55 NEWS – Kebijakan pemerintah mengucurkan dana sebesar Rp200 triliun ke lima bank Badan Usaha Milik Negara (BUMN) memicu pertanyaan besar: apakah suntikan dana jumbo ini akan efektif mendongkrak pertumbuhan kredit dan menggairahkan perekonomian nasional? Direktur Center of Economic and Law Studies (Celios), Bhima Yudhistira, menilai dampak kebijakan ini tidak akan serta merta signifikan.

Related Post
Dana segar tersebut didistribusikan ke Bank Mandiri (Rp55 triliun), BNI (Rp55 triliun), BRI (Rp55 triliun), BTN (Rp25 triliun), dan BSI (Rp10 triliun). Namun, efektivitas penyaluran dana ini sangat bergantung pada permintaan kredit di pasar. Data Otoritas Jasa Keuangan (OJK) menunjukkan, hingga Juli 2025, penyaluran kredit mencapai Rp8.043,2 triliun, tumbuh 7,03% secara tahunan. Meskipun tumbuh, angka ini melambat dibandingkan bulan sebelumnya.

"Likuiditas masuk ke bank Himbara dari skema Rp200 triliun, tapi yang jadi pertanyaan apa permintaan kreditnya naik signifikan? Ini tergantung dari beberapa faktor, daya beli masyarakat, kepercayaan dunia usaha dan kebijakan pajak," ujar Bhima kepada 55tv.co.id.
Perlambatan pertumbuhan kredit mencerminkan melemahnya daya beli masyarakat. Pelaku usaha cenderung menahan diri untuk melakukan ekspansi di tengah tekanan daya beli dan kebijakan pajak yang ada. Oleh karena itu, Bhima menekankan bahwa sekadar menempatkan dana di bank BUMN tidaklah cukup.

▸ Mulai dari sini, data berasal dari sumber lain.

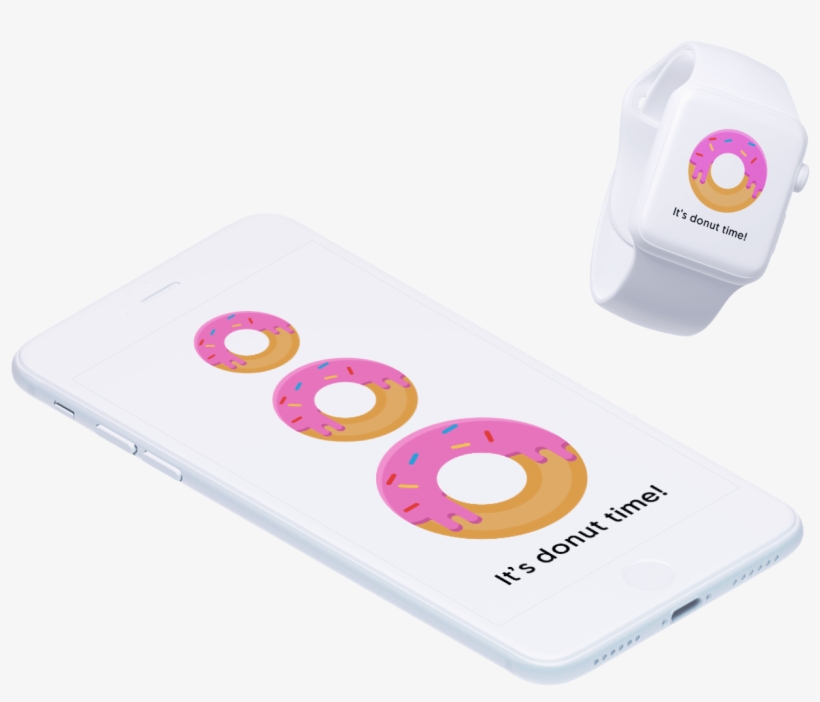 Download Your Tasty Food Icon Pack Today - Tasty, transparent png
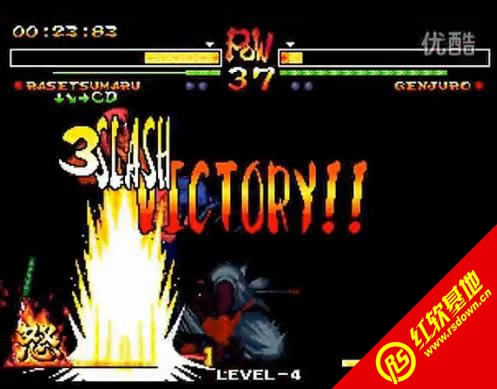 �̻���roms����|�̻���roms��Ϸ��վ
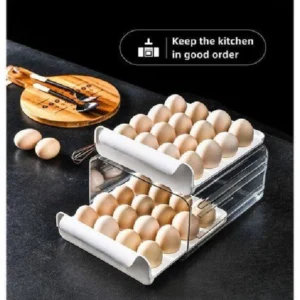 eggs holder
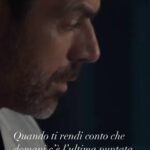 Luca Argentero Instagram - Ti rendi conto? #doc3 #docnelletuemani @rai1official @luxvide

Menurutnya, diperlukan stimulus fiskal tambahan untuk memicu aktivitas konsumsi masyarakat. Salah satu langkah yang bisa diambil adalah menurunkan Pajak Pertambahan Nilai (PPN) dari 11% menjadi 8%. Langkah ini diyakini dapat mendorong geliat ekonomi di tingkat masyarakat.